Problem details: Apart from the pictures, return every line of the listing exactly.

Task inputs:
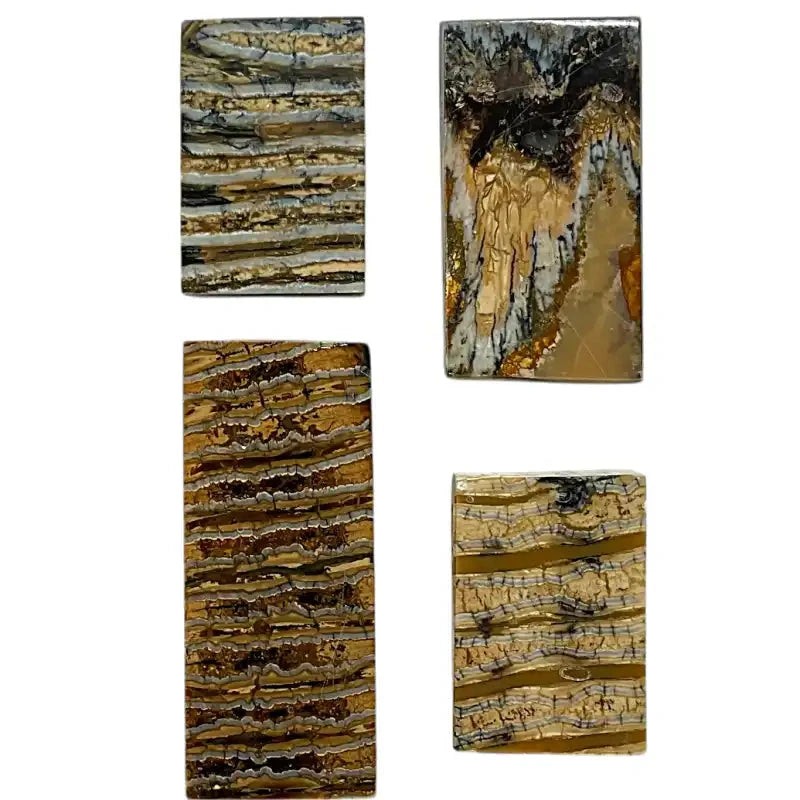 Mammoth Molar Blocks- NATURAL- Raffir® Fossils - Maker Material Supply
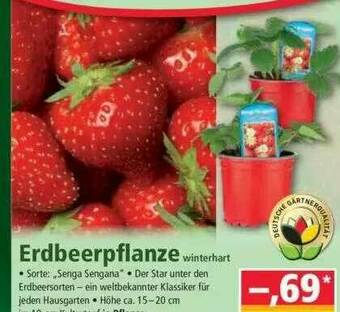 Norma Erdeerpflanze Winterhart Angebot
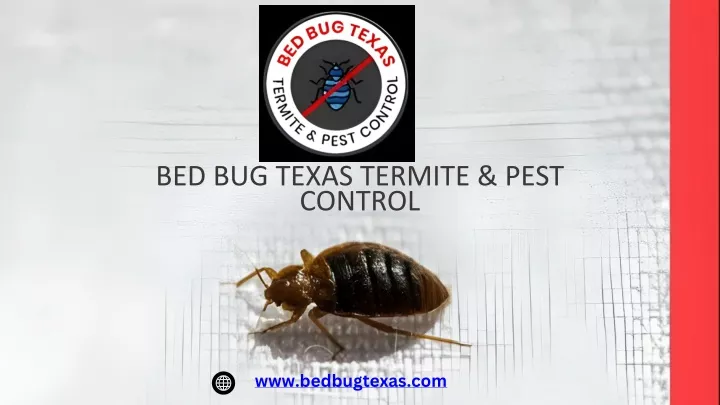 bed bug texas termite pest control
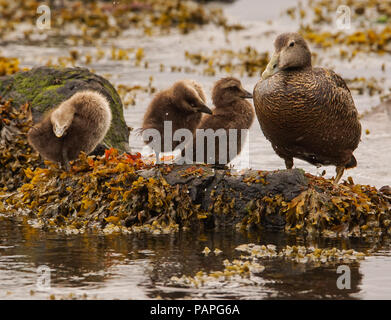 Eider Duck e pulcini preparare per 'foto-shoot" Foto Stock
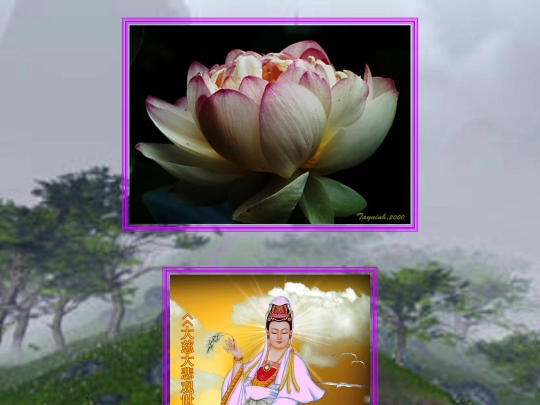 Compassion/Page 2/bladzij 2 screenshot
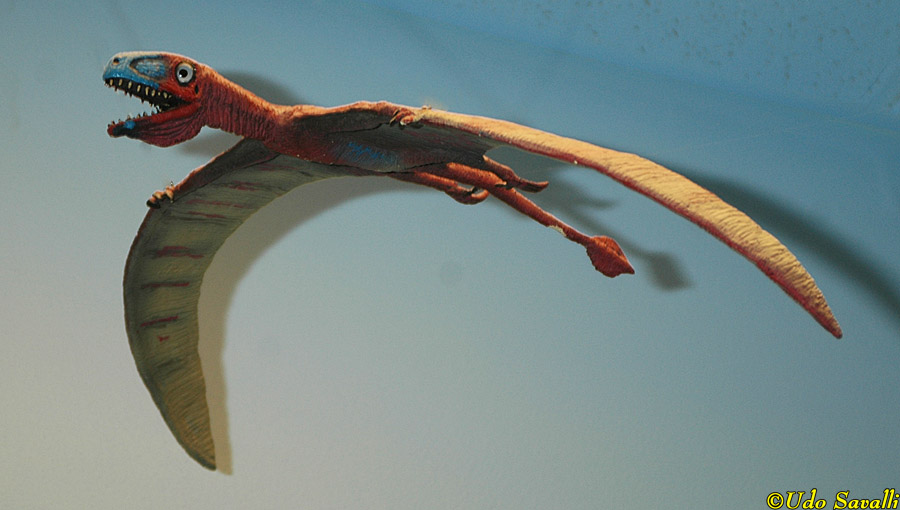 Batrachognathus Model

Written response:
 Mammoth Molar Blocks- NATURAL- Raffir® Fossils - Maker Material Supply
 Norma Erdeerpflanze Winterhart Angebot
 bed bug texas termite pest control
 Eider Duck e pulcini preparare per 'foto-shoot" Foto Stock
 Compassion/Page 2/bladzij 2 screenshot
 Batrachognathus Model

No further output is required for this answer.